• **DESCRIPTION OF THE TASK**
Exact wording is required: give all the records again, minus the pictures.

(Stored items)
---
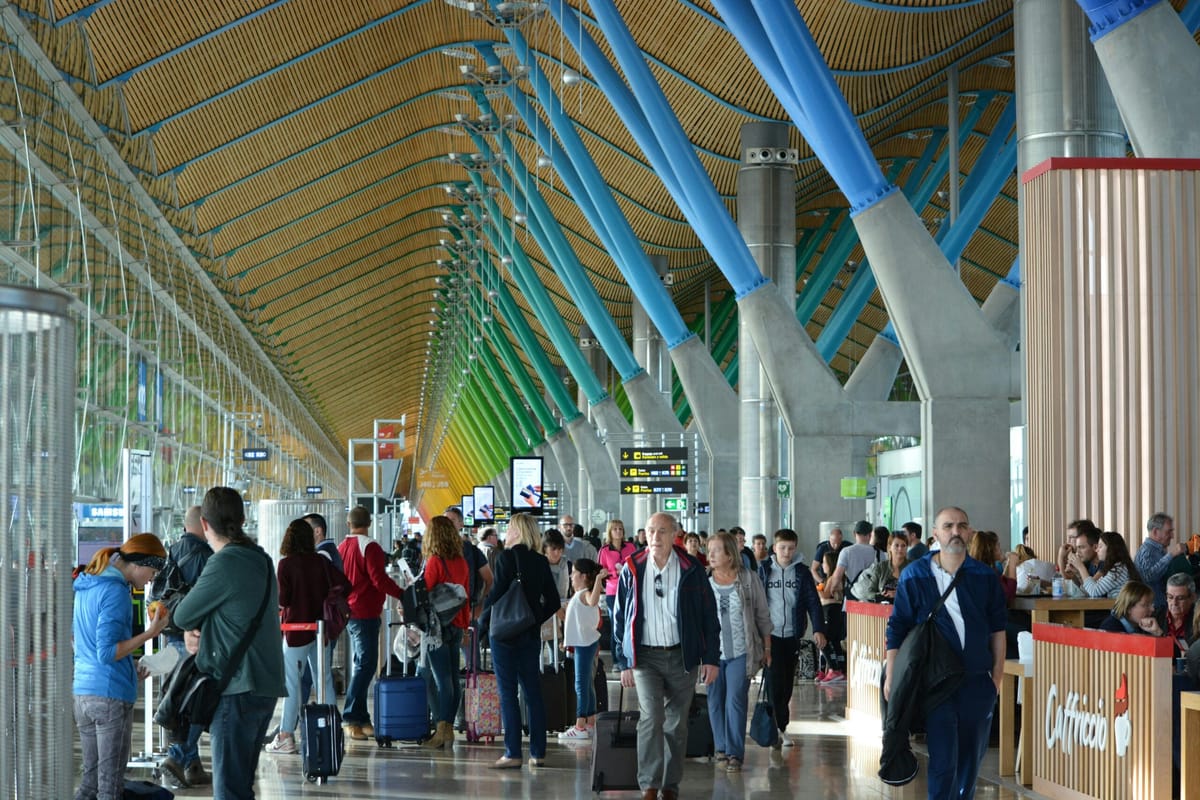El Estado español se encamina hacia los 100 millones de turistas en 2025
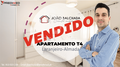 Apartamento T4 Laranjeiro Almada para vender - zona calma, varandas, marquise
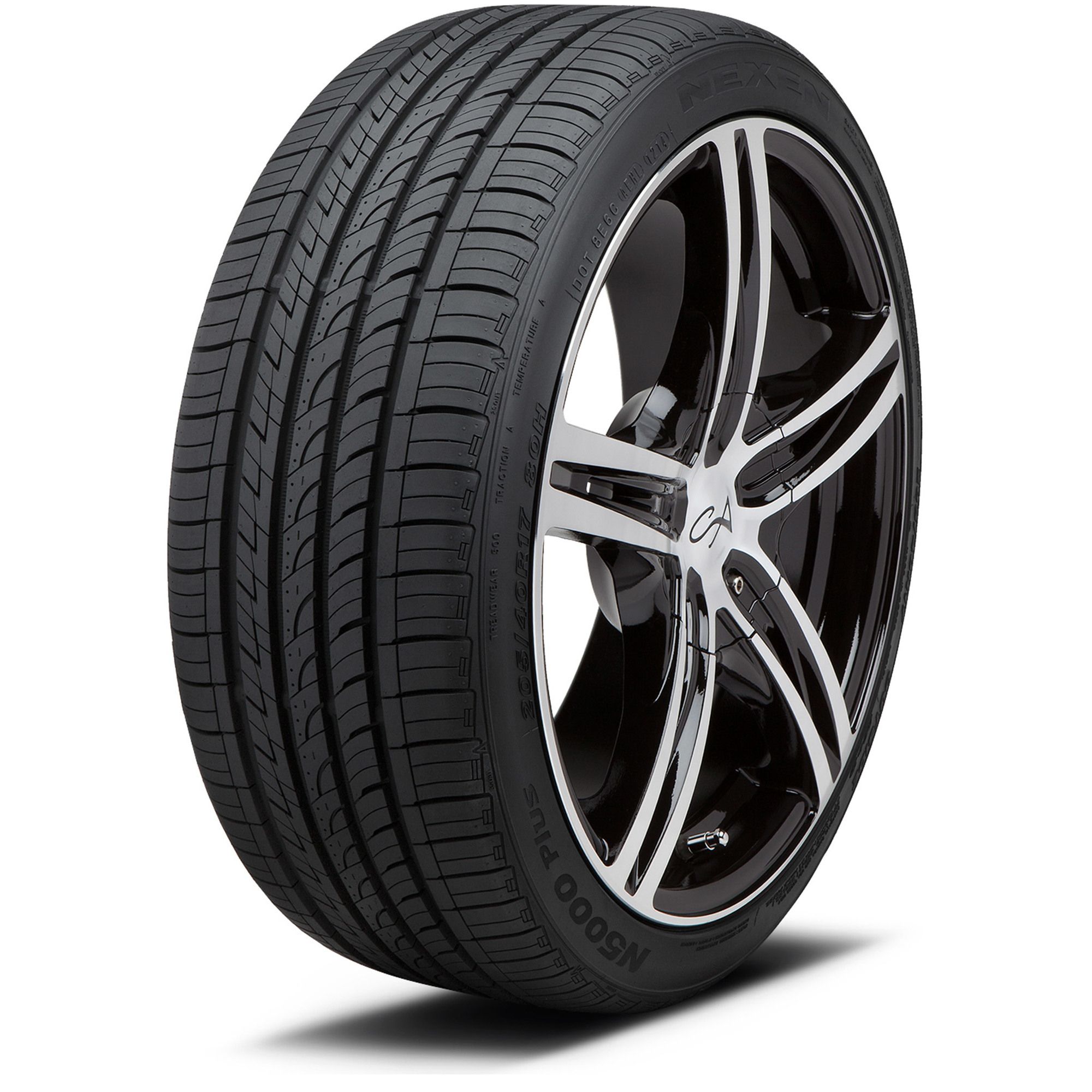 N5000 Plus 205/60 R14 88H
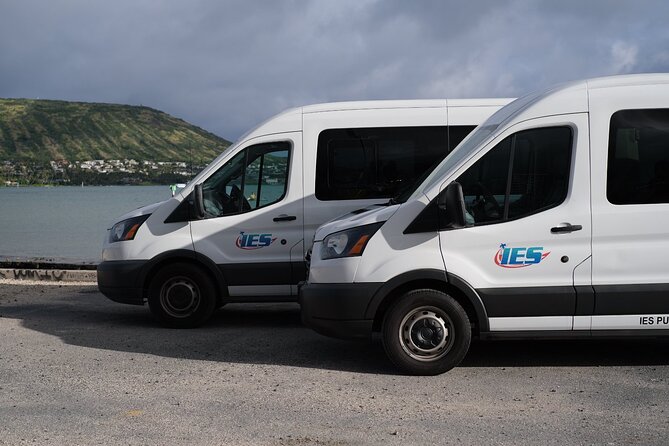 Shared Arrival Transfer From Honolulu Airport to Waikiki Hotels - Arrival Instructions for Different Airlines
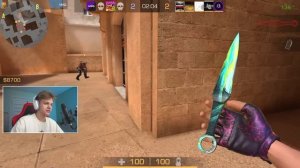 AMONG US В STANDOFF 2 0.23.2 | ВЕЛЯ, САЙЛЕС, STKILL, МАСЕЧКА И ДРУГИЕ...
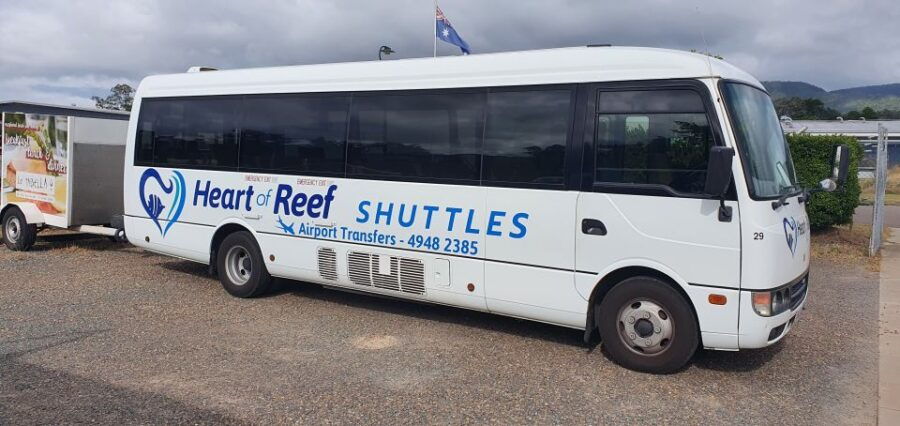 Whitsunday: Prosperpine Airport to Airlie Beach Transfer - Good To Know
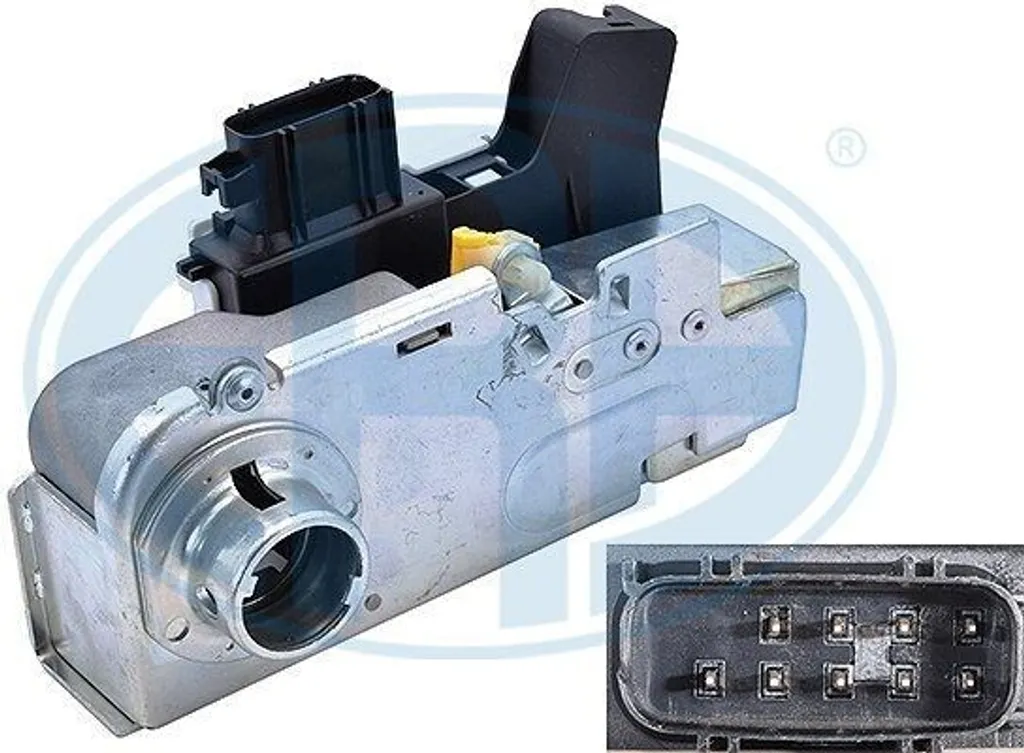 Serrure de porte latérale conducteur pour Ford Transit ERA 660286 OE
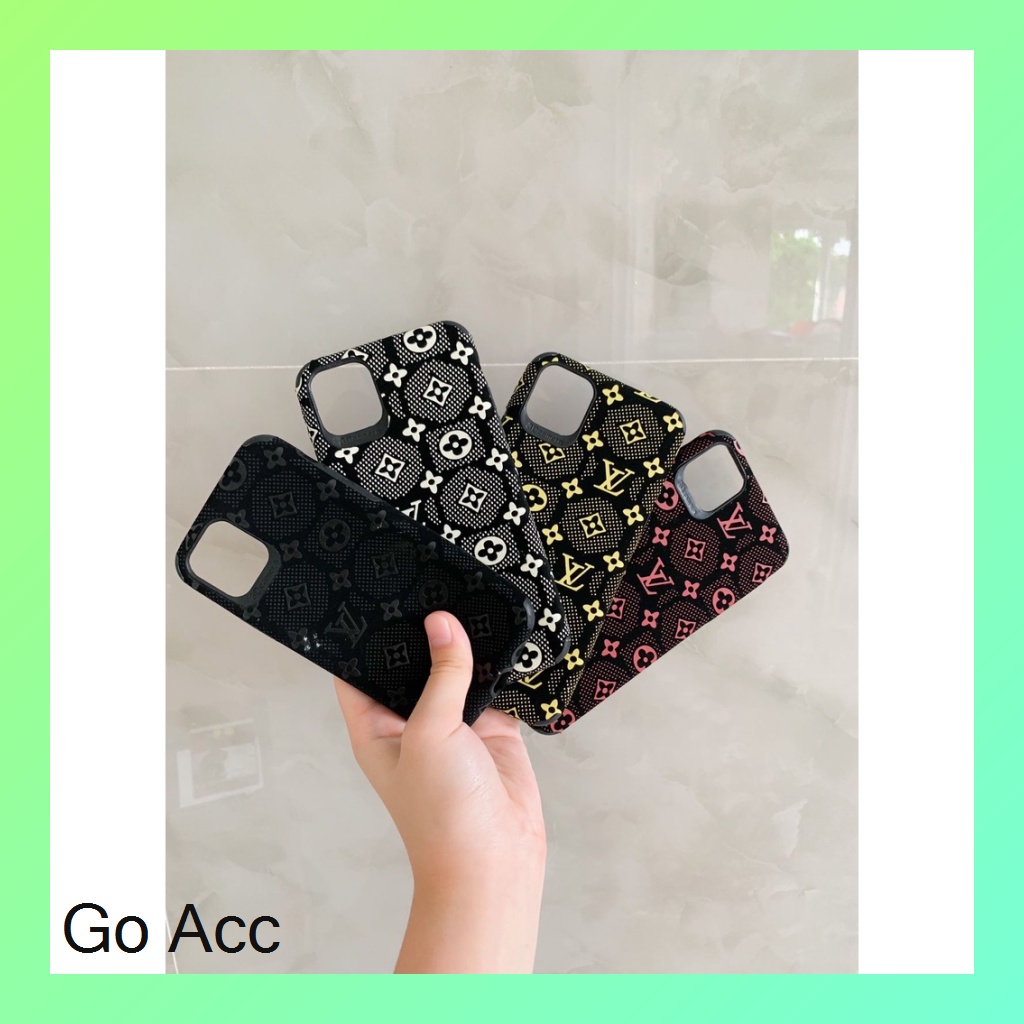 Casing Softcase Case LV Kain Iphone 11 11 Pro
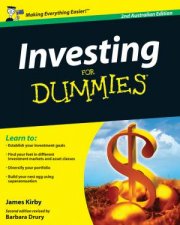 Investing for Dummies 2nd Aust Ed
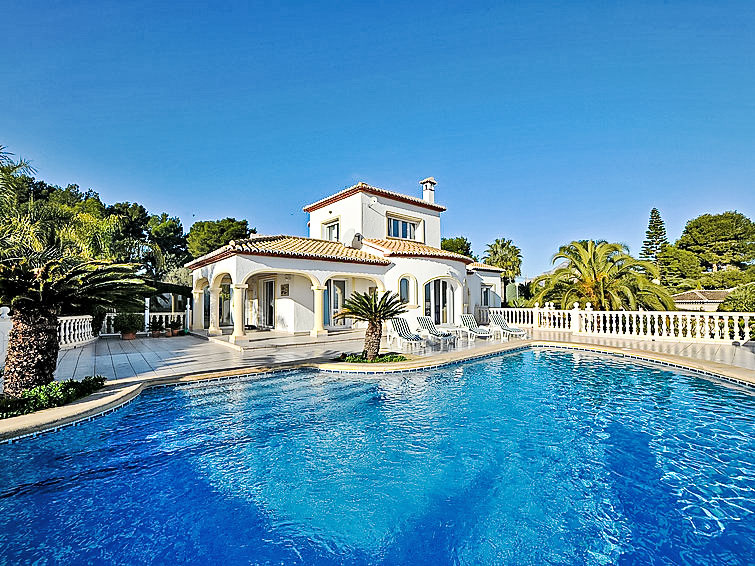 Arborcer Villa in Javea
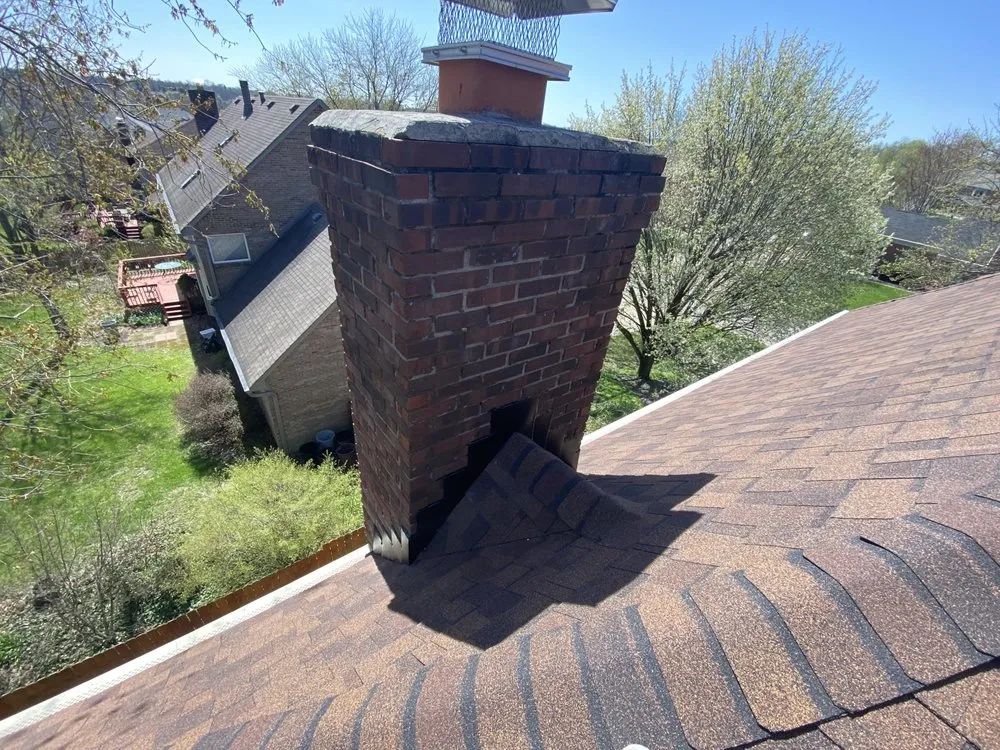 Slide of HTC Roofing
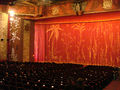 Interior of the Grauman's Chinese Theater, Los Angeles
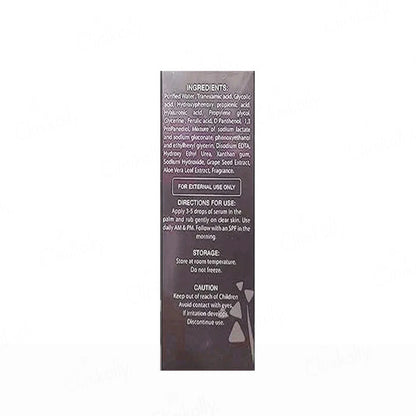 Tritex Dark Spot Corrector Face Serum, 30ml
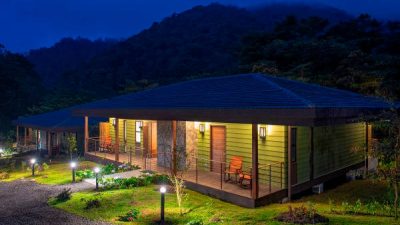 El Silencio Lodge Riverside Villa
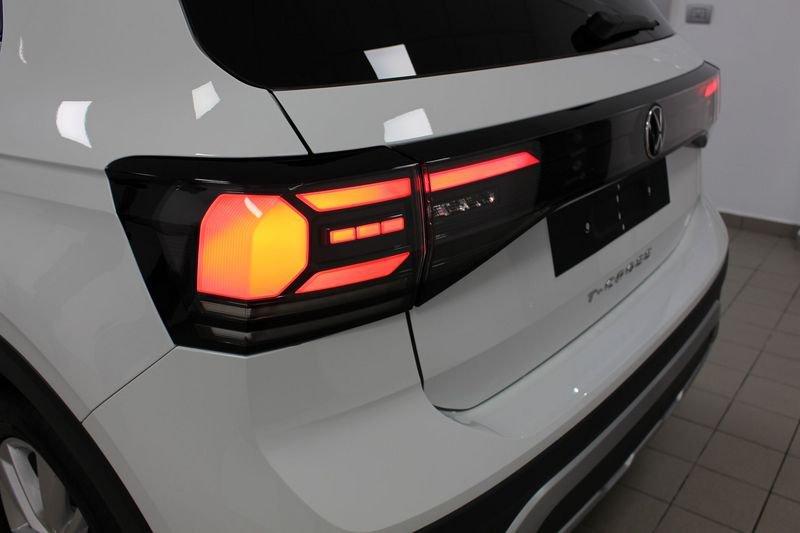 Volkswagen T-Cross T-Cross 1.0 TSI Edition Plus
---
• **SOLUTION TO THIS TASK**
El Estado español se encamina hacia los 100 millones de turistas en 2025
 Apartamento T4 Laranjeiro Almada para vender - zona calma, varandas, marquise
 N5000 Plus 205/60 R14 88H
 Shared Arrival Transfer From Honolulu Airport to Waikiki Hotels - Arrival Instructions for Different Airlines
 AMONG US В STANDOFF 2 0.23.2 | ВЕЛЯ, САЙЛЕС, STKILL, МАСЕЧКА И ДРУГИЕ...
 Whitsunday: Prosperpine Airport to Airlie Beach Transfer - Good To Know
 Serrure de porte latérale conducteur pour Ford Transit ERA 660286 OE
 Casing Softcase Case LV Kain Iphone 11 11 Pro
 Investing for Dummies 2nd Aust Ed
 Arborcer Villa in Javea
 Slide of HTC Roofing
 Interior of the Grauman's Chinese Theater, Los Angeles
 Tritex Dark Spot Corrector Face Serum, 30ml
 El Silencio Lodge Riverside Villa
 Volkswagen T-Cross T-Cross 1.0 TSI Edition Plus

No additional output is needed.